Shipping data from LSEG indicated that the Liberia-flagged Very Large Crude Carrier (VLCC) Serifos and China-flagged VLCCs Cospearl Lake and He Rong Hai entered and exited the “Hormuz Passage trial anchorage”.
Each vessel is capable of carrying around two million barrels of oil.
Iran had effectively blocked the strategic waterway since the beginning of war on February 28, disrupting global energy supplies and driving oil prices sharply higher.
The Strait of Hormuz, a narrow shipping lane off Iran’s southern coast, handles around 20 percent of the world’s oil and liquefied natural gas shipments.
Its reopening was a key provision of the Pakistan-brokered ceasefire agreed earlier this week.

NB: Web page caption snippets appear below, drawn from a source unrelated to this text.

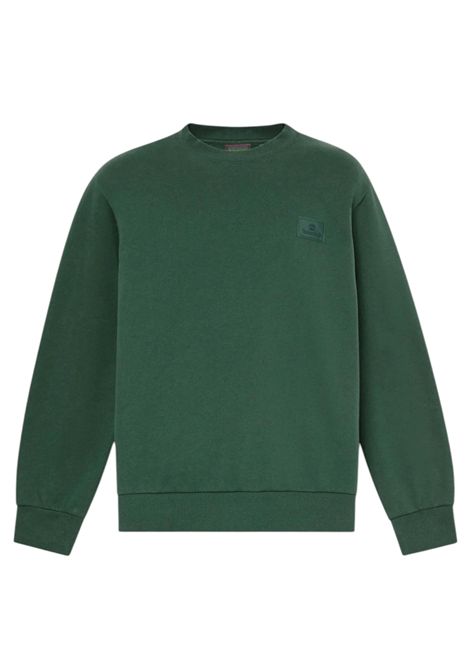 Felpa Timberland Silicon Badge Girocollo Verde Uomo TIMBERLAND | Felpe | TBC0YHBC-398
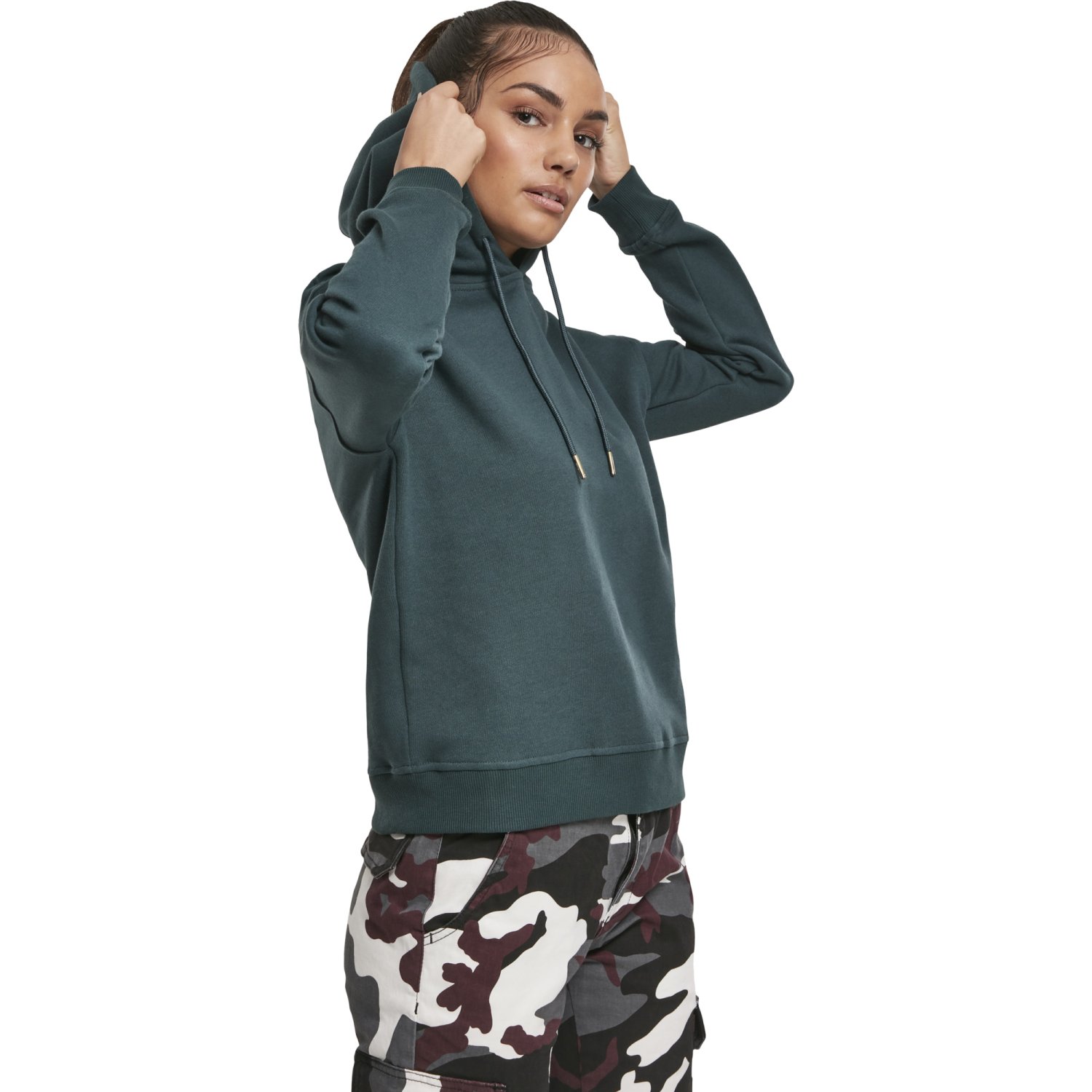 Urban Classics Ladies - BASIC Fleece Sweatshirt Hoody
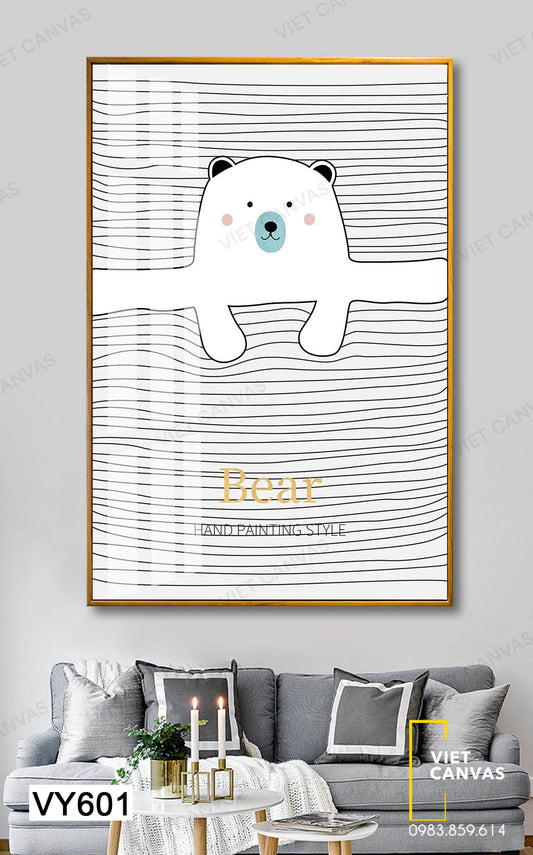 Tranh Chú Gấu Dễ Thương - VY601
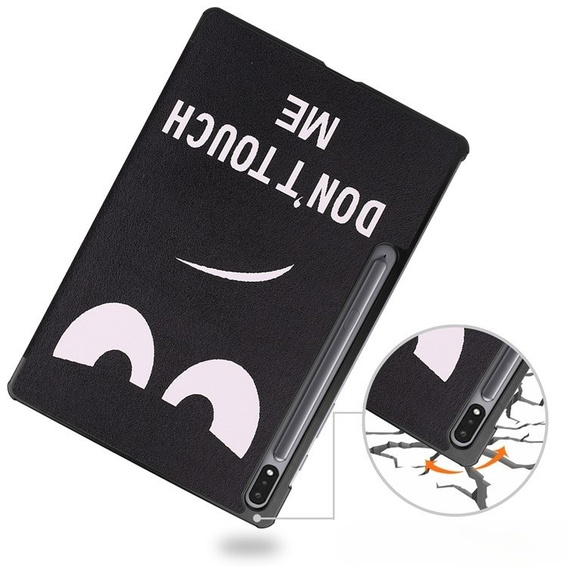 Tok Samsung Galaxy Tab S9 Plus, Smartcase, don't touch me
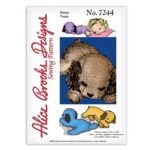 Sleepy Puppy Dog Alice Brooks 7244 Mail Order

Data from LSEG and analytics firm Kpler showed that Serifos, carrying crude loaded in early March, is expected to arrive at Malaysia’s Malacca port on April 21.
Cospearl Lake and He Rong Hai vessels are chartered by Unipec, the trading arm of Chinese energy giant Sinopec, the LSEG data showed.
US-Iran talks underway in Islamabad
The movement of tankers coincided with the start of Pakistan-mediated talks between US and Iranian delegations in Islamabad.
Pakistan has urged both sides to “engage constructively” to end the conflict.
The US delegation is led by Vice President JD Vance, accompanied by senior officials including Middle East envoy Steve Witkoff and Trump’s advisor Jared Kushner.
Iran is represented by Parliament Speaker Mohammad Bagher Ghalibaf and Foreign Minister Abbas Araghchi, signalling high-level engagement from both sides.